Multiple devices

We all have multiple devices these days, desktop, laptop, tablet and phone with which we need to access our mail.

There are two main email ‘protocols’, IMAP and POP3. How you manage email across your devices depends on which protocol you use.


The big companies, Gmail, Hotmail, Yahoo, BT etc use a system called IMAP. This means you store all mail on the mail server, each device essentially provides a ‘window’ to that stored mail. Nothing is permanently stored on each device and each device has access to the full email history. The reason it is almost exclusively provided by big companies is that the storage space is considerable, 10GB is not unusual for business email storage and often will be much larger than this.


Each time it your mail is accessed the mail is downloaded to your computer or device, it is then usually deleted from the server. With this system, in order that you have complete access to your email history it is necessary to decide that one computer is your main email manager, usually for reasons of storage and backup a desktop or laptop office computer. Each other device can be set to read emails that arrive after the last time the main computer has done a download for the convenience of keeping up with your mail when away from the office.

Our usual email is a POP system, if you need an IMAP system we can provide this optionally. It does attract an extra cost because of the need for additional storage. All our IMAP accounts have unlimited storage unlike, for example, Gmail which is limited to 15Gb. Management of a POP system.

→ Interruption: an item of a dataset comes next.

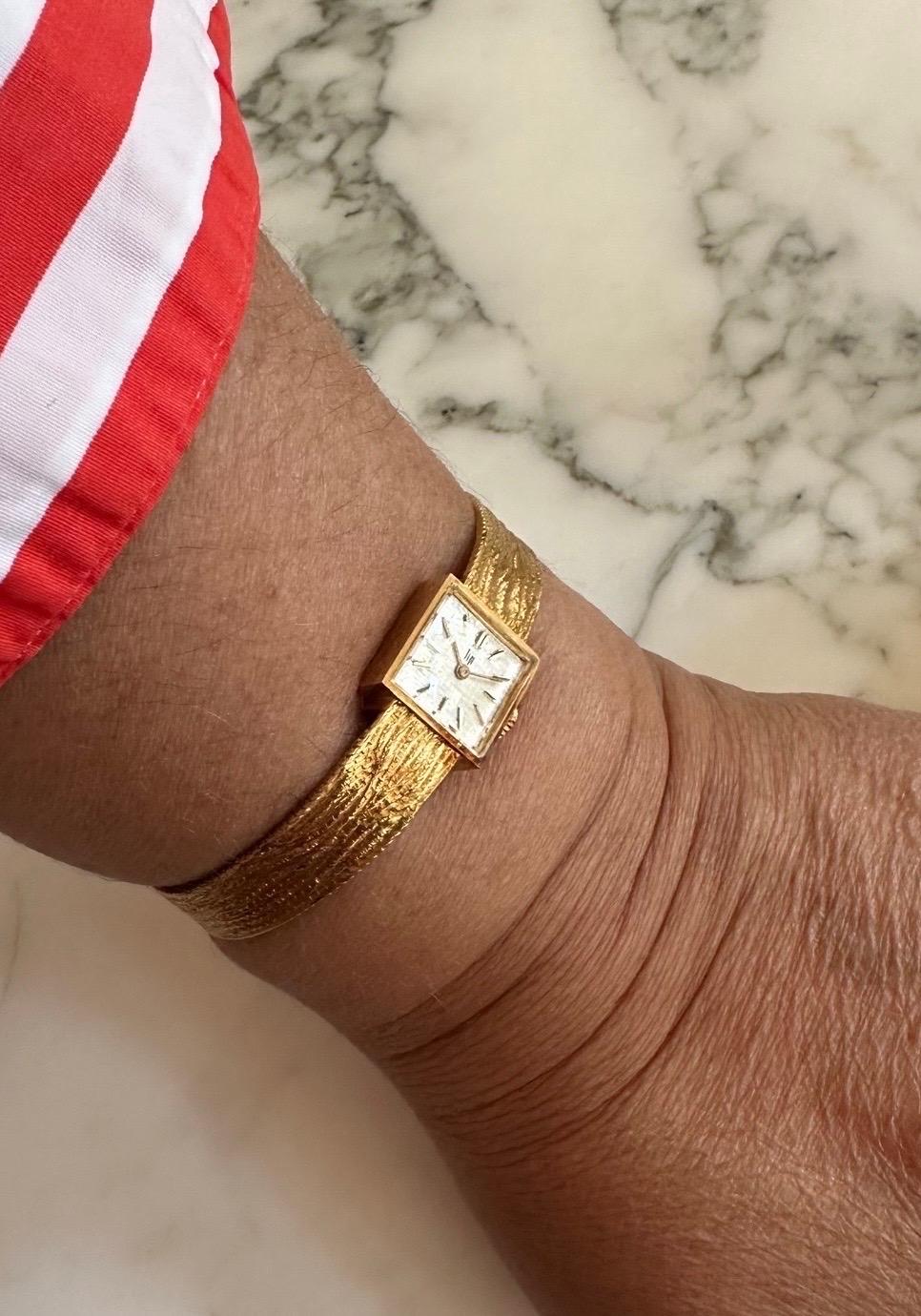 LIP Vintage Women Watch N.O.S off White Dial Yellow Gold 18 Karat In Good Condition For Sale In Vannes, FR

There is, in your email settings, an option either to Leave a copy of the message on the server or Remove the message from the server together with a choice of time period, “one day, one week one month etc”.  Which you have depends on the email programme (client) you are using and is generally found under Advanced Settings.

Your main computer is set to remove the message, all your other devices to leave the message behind. Once a message is received on the main computer it will disappear on the device the next time the device does a send and receive. ‘Device’ in this context also includes your webmail – accessible through and log in with your email address and password.

Optionally you can set your main computer to Remove the message from the server after a week or a month so that you have access to your recent email history on your device for that period. Depending on the amount of traffic in your email account you may be in danger of going over your mailbox quota. If this is a problem, please talk to us because we are usually happy to adjust this within reason to meet your needs.

It is worth noting that if you send an important email from your device you should CC yourself in order to keep a copy on your main computer.